Suppose $z \sim \mathbb{F}\mathcal{N}_{n,k}(0, c \Sigma, I_k)$ is a matrix-normally distributed parameter in $\mathbb{F}^{n \times k}$, where $\Sigma$ is a positive-definite matrix in $\mathbb{F}^{n \times n}$ and $c>0$, and suppose $z=xp$ is the unique polar decomposition of $z$, where $x \in \mathrm{St}(n, k, \mathbb{F})$ and $p$ is a positive-definite matrix in $\mathbb{F}^{k \times k}$. Then $x$ follows the angular central Gaussian (ACG) distribution on $\mathrm{St}(n, k, \mathbb{F})$.

ACG was originally defined on the real sphere (and projective space) in 1 and generalized to the complex Sphere in 2 and the real Stiefel/Grassmann manifolds in 3. I believe 4 were the first to generalize to the complex Grassmann manifold.
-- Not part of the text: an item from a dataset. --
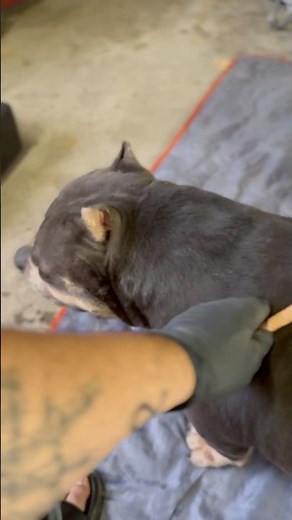 Collecting from Stud MIDAS, American Bully Breeding ABKC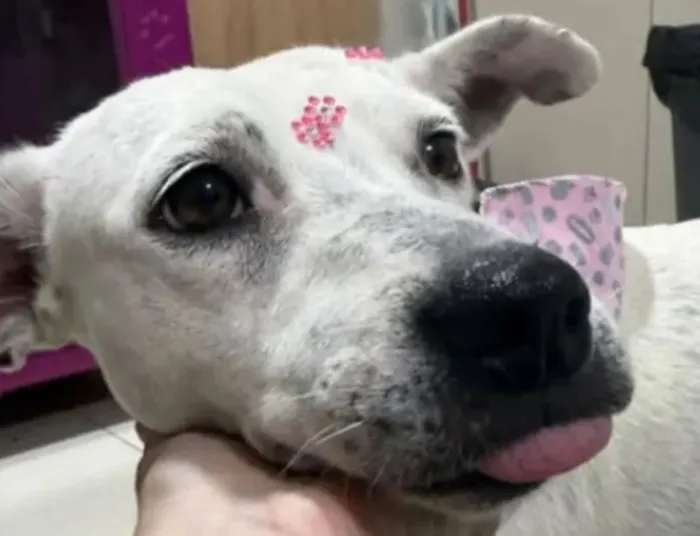 Adoção da Cadela Cookie: Uma Nova Chance de Vida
The generalization to quaternionic spaces here is I think new but follows naturally from the same derivations.

The ACG family has the density wrt the normalized invariant measure on the Grassmann and Stiefel manifolds of5

$$p(x; \Sigma) = c_{k,\mathbb{F}}(\Sigma)^{-1} |x^\mathrm{H}\Sigma^{-1} x|^{-n\mathrm{dim}_\mathbb{F}/2}$$

Note for $w \in \mathrm{U}(k, \mathbb{F})$

$$p(xw; \Sigma) = p(x; \Sigma),$$

so the distribution is invariant to right unitary transformations and is thus a distribution on the Grassmann manifold.

Note

Representation of points on the Grassmann manifold
Points on the Grassmann manifold can also be expressed as a unique projector matrix $y=xx'$, and in this representation, the density wrt the normalized invariant measure on the Grassmann manifold is written

$$p(y; \Sigma) = c_{k,\mathbb{F}}(\Sigma)^{-1} |y \Sigma^{-1} y|_+^{-n\mathrm{dim}_\mathbb{F}/2},$$

where $|\cdot|_+$ is the pseudodeterminant.
I haven't seen this covered in any of the papers, and for $n \gg k$ this is much less efficient to work with than the representation using Stiefel points.
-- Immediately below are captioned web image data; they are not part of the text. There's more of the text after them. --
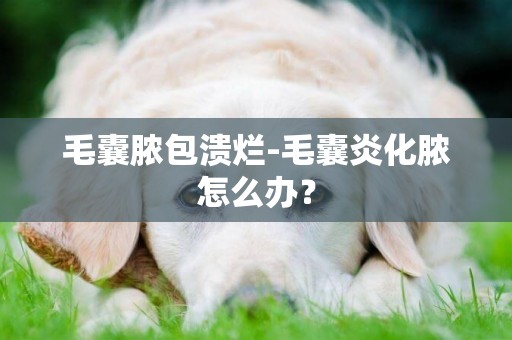 毛囊膿包潰爛-毛囊炎化膿怎么辦？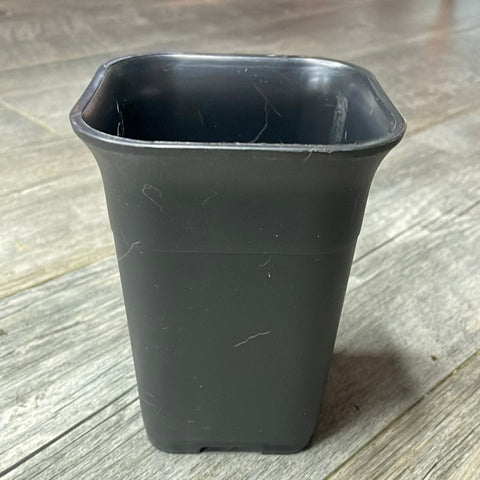 4" square sturdy black plastic succulent pot *NEW*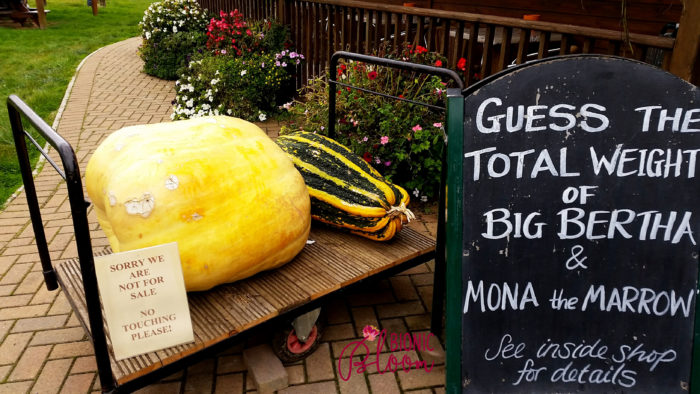 Farm Fresh squash at primrose vale farm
ACG is mainly useful when one requires:

  1. efficient exact sampling OR
  2. efficient evaluation of the normalization constant (e.g. hierarchical Bayesian models where $\Sigma$ is also inferred)

Parameterizations

Scale

The scale parameterization (as used above) uses a positive-definite scale matrix $\Sigma$.
Note that $\Sigma$ is only unique up to a positive scalar, that is. $p(x; a\Sigma) = p(x; \Sigma)$ for all $a > 0$.
Therefore, the useful information in $\Sigma$ is the principal axes and their relative scales.
Furthermore, when $\Sigma=aI_n$, ACG reduces to the normalized invariant measure on the manifold.
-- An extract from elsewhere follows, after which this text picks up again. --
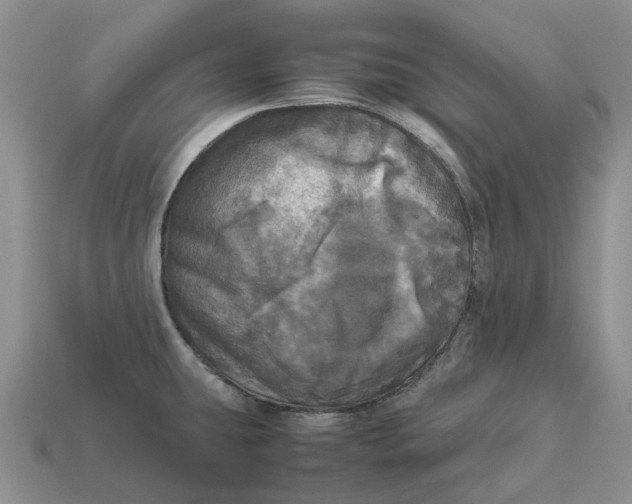 X0000112971431200909171309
$\Sigma$ is interesting in its own right. In some domains it is called the scattering matrix or Tyler's transformation matrix.

Precision

The precision parameterization $P=\Sigma^{-1}$ is more efficient for density evaluation because one can avoid the explicit matrix inversion.

Properties

Closure

For any $A \in \mathrm{U}(n, \mathbb{F})$, we have that if $x \sim \mathrm{ACG}(\Sigma)$, then $Ax \sim \mathrm{ACG}(A \Sigma A^\mathrm{H})$, so the family is closed under left-unitary actions.

Normalization constant

The normalization constant in the two parameterizations is

  • $c_{k,\mathbb{F}}(\Sigma) = |\Sigma|^{k\mathrm{dim}_\mathbb{F}/2}$
  • $c_{k,\mathbb{F}}(P) = |P|^{-k\mathrm{dim}_\mathbb{F}/2}$

Mode

Let $\Sigma^{-1} = U D U'$ be the eigendecomposition with $0 < d_1 \le d_2 \le \ldots \le d_n$.
Then using Cauchy interlacing theorem (or its generalization to Hermitian quaternion matrices 6), one can show that the density is globally maximized when $x = UI_{n,k}$.
If the first $k+1$ eigenvalues are unique, then this maximizer is unique on the Grassmann manifold.
On the Stiefel manifold, ACG is of course not unimodal.

Moments

Empirically, the Riemannian mean on $\mathrm{Gr}(n, k, \mathbb{F})$ is the mode and is unique under the same conditions that the mode is unique.
On $\mathrm{St}(n, k, \mathbb{F})$ the minimizer of the Riemannian variance will obviously never be unique, but it's not clear empirically what the solution corresponds to.
On $\mathbb{F}\mathbb{S}^n$ the minimizer is never unique, but the set of minimizers is $\{z u_i \mid d_i = d_n, z \in \mathrm{U}(1, \mathbb{F}) \}$.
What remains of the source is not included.